[Records drawn from a dataset]
== Segment start ==

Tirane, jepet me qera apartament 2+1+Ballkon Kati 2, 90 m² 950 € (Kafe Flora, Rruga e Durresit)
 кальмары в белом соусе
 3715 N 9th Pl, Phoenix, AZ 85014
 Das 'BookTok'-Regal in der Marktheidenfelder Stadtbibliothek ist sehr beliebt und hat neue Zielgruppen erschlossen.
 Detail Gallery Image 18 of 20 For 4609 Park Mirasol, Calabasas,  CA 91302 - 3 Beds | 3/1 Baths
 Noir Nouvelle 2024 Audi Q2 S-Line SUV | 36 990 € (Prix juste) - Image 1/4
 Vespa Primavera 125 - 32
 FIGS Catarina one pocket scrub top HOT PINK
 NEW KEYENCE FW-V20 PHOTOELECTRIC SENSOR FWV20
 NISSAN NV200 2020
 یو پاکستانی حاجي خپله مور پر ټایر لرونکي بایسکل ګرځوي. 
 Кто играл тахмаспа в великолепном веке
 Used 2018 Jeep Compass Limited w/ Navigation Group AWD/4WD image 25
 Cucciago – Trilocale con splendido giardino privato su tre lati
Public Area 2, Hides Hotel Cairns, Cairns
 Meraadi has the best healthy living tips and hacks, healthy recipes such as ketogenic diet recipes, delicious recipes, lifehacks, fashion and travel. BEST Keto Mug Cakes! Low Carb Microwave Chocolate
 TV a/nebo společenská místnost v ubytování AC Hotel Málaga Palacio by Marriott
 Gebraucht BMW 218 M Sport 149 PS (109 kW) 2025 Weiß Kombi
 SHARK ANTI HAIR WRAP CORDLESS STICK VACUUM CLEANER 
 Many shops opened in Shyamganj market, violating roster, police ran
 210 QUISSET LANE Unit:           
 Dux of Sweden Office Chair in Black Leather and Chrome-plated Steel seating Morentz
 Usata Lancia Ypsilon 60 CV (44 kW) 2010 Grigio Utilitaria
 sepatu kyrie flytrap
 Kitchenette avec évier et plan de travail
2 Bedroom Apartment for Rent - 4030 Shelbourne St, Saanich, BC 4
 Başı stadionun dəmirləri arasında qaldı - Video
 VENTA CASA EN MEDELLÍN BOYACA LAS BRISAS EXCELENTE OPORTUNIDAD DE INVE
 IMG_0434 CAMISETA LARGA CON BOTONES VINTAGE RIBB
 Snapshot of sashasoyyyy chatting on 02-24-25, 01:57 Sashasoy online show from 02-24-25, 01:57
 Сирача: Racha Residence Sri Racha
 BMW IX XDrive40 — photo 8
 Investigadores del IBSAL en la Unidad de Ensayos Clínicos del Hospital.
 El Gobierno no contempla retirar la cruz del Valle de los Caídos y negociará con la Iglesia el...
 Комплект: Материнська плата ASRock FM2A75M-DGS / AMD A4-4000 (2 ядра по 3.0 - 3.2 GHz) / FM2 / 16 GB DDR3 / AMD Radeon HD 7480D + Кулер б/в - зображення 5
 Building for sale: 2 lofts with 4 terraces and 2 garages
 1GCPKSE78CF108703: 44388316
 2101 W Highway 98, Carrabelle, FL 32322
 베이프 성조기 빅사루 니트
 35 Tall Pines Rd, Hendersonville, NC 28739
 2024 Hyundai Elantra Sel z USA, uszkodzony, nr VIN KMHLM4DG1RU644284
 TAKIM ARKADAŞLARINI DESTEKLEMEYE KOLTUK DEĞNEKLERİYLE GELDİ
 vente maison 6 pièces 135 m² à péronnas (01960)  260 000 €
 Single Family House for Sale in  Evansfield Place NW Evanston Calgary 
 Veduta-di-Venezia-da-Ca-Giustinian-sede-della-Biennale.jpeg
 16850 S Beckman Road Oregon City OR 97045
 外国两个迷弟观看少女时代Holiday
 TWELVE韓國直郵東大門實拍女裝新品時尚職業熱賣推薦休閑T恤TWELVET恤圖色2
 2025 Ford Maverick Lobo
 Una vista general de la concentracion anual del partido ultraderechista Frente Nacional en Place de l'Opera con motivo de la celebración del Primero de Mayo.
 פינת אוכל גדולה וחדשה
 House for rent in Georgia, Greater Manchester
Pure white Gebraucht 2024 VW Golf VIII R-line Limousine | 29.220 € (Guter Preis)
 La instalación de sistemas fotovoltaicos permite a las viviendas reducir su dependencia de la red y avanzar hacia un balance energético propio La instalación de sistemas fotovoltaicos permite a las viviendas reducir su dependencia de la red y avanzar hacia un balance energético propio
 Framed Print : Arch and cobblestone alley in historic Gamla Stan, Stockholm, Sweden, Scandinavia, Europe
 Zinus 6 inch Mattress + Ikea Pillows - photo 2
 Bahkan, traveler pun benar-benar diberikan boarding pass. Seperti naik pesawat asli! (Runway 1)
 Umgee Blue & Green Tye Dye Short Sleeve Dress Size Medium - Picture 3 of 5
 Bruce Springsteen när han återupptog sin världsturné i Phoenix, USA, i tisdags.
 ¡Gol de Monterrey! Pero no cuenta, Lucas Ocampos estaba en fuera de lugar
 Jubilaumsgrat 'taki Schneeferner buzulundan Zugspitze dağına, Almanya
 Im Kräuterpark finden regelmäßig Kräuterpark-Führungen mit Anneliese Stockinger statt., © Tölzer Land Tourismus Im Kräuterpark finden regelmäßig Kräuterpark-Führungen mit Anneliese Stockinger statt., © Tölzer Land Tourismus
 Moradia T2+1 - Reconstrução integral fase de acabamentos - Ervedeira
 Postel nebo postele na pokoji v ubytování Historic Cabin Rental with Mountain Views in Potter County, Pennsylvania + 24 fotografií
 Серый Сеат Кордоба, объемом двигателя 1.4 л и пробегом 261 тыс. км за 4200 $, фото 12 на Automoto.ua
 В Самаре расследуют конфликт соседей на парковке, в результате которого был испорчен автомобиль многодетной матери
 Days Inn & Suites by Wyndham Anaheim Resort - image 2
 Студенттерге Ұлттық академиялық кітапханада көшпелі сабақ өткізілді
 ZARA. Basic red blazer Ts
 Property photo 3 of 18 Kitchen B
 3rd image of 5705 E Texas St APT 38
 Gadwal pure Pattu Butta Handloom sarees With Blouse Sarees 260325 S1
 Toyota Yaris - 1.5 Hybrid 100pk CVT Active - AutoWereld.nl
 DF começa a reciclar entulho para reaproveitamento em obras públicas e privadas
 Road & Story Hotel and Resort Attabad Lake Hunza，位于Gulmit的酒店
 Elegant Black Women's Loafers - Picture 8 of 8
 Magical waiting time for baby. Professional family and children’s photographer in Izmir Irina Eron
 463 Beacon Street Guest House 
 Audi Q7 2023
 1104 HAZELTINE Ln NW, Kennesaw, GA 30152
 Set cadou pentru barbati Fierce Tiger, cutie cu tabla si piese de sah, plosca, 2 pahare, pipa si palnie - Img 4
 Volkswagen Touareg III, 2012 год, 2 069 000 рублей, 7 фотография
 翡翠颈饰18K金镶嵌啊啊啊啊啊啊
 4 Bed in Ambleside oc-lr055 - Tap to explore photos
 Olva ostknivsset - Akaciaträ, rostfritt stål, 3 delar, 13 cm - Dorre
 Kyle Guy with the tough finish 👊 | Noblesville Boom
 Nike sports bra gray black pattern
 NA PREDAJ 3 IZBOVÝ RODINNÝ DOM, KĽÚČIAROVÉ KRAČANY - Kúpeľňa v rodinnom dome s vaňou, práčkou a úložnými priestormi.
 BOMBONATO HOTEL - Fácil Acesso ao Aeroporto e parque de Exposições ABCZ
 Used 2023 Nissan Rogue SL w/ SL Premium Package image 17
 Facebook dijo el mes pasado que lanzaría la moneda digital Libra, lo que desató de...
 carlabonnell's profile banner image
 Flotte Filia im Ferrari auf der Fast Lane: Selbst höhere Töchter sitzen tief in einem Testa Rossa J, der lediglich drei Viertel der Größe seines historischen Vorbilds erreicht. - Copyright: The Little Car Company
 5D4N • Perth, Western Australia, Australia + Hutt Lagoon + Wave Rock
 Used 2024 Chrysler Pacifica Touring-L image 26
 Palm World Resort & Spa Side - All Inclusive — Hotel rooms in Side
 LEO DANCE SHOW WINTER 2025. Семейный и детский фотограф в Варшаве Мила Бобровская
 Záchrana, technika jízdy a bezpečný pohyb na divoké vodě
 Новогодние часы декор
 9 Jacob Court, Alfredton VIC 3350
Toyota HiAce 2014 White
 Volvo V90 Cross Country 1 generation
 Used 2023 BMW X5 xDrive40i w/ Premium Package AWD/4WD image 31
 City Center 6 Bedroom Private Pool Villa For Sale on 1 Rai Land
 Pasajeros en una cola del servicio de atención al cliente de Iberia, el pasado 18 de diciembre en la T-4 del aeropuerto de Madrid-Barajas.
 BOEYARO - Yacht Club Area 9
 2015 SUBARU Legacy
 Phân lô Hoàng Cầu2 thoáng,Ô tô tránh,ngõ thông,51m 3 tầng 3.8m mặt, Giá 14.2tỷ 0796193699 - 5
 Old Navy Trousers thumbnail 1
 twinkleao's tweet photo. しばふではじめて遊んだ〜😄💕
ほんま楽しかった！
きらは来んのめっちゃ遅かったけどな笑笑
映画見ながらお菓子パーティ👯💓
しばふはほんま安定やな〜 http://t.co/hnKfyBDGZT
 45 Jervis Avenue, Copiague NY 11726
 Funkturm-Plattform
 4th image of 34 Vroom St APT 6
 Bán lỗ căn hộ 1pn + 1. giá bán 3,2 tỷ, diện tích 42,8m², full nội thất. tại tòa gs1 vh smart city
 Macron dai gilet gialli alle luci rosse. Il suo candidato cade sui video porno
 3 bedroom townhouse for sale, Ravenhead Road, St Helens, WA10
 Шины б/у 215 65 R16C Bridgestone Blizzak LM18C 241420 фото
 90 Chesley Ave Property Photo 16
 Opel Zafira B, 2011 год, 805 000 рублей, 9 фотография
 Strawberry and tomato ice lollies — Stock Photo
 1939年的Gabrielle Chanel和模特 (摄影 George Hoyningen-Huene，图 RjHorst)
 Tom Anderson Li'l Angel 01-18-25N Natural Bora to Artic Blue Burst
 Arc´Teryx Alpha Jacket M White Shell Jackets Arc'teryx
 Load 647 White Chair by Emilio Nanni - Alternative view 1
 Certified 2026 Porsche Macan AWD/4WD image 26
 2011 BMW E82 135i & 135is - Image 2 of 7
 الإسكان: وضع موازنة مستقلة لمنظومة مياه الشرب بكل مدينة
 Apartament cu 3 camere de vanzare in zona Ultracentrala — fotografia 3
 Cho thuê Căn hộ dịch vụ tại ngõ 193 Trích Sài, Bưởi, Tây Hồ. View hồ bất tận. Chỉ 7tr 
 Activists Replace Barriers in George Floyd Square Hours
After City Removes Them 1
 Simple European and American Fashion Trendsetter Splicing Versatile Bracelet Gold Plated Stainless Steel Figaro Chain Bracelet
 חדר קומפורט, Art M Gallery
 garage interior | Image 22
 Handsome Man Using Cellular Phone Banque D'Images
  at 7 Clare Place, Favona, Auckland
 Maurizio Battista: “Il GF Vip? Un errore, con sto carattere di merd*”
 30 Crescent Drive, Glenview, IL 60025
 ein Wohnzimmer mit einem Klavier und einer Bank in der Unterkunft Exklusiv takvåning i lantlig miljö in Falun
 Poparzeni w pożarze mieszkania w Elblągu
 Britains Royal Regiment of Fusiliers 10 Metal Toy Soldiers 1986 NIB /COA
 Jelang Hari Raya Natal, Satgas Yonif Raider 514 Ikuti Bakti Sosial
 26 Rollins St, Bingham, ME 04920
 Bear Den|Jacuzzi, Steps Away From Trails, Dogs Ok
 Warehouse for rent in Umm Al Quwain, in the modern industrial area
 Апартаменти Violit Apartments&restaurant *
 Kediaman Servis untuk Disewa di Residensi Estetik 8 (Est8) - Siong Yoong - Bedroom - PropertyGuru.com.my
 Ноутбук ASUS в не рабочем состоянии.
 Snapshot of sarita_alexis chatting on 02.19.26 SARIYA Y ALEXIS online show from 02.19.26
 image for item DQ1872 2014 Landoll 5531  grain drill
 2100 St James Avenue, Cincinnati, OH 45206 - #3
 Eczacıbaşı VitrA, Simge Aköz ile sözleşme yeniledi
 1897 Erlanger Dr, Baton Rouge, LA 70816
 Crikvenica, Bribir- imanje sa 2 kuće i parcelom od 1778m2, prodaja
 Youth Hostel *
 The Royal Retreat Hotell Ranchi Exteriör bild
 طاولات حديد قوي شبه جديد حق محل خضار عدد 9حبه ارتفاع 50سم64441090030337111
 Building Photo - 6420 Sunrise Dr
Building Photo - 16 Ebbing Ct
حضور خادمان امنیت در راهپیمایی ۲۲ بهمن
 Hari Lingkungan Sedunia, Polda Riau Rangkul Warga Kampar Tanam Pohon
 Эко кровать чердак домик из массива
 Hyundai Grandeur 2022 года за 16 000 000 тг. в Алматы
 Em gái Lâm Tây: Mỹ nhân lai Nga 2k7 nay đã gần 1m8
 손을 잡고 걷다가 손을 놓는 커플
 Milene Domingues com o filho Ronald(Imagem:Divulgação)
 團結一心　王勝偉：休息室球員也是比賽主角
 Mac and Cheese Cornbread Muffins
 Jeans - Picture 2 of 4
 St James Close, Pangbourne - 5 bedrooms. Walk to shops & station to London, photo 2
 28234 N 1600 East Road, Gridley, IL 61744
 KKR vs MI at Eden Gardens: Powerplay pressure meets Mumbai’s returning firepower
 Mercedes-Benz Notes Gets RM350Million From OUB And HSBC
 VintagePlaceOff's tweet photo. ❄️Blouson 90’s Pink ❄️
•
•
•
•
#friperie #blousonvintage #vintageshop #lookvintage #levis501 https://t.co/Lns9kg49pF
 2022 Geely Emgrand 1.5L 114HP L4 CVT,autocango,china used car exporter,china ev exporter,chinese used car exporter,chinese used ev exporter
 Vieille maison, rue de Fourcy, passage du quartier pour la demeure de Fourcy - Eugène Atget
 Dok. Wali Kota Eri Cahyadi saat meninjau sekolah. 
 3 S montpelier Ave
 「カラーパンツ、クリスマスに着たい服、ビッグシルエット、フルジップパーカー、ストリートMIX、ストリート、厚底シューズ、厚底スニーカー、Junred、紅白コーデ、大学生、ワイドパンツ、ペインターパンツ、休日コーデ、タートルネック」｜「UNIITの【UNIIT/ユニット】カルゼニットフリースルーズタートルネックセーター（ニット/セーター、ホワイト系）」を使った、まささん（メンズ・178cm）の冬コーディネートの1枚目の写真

== Segment end ==

* Exercise prompt
Return, word for word, the lines of the data above from the line with "یو پاکستانی حاجي" through the line with "Public Area 2, Hides Hotel Cairns, Cairns", inclusive.

* Solution to the exercise
 یو پاکستانی حاجي خپله مور پر ټایر لرونکي بایسکل ګرځوي. 
 Кто играл тахмаспа в великолепном веке
 Used 2018 Jeep Compass Limited w/ Navigation Group AWD/4WD image 25
 Cucciago – Trilocale con splendido giardino privato su tre lati
Public Area 2, Hides Hotel Cairns, Cairns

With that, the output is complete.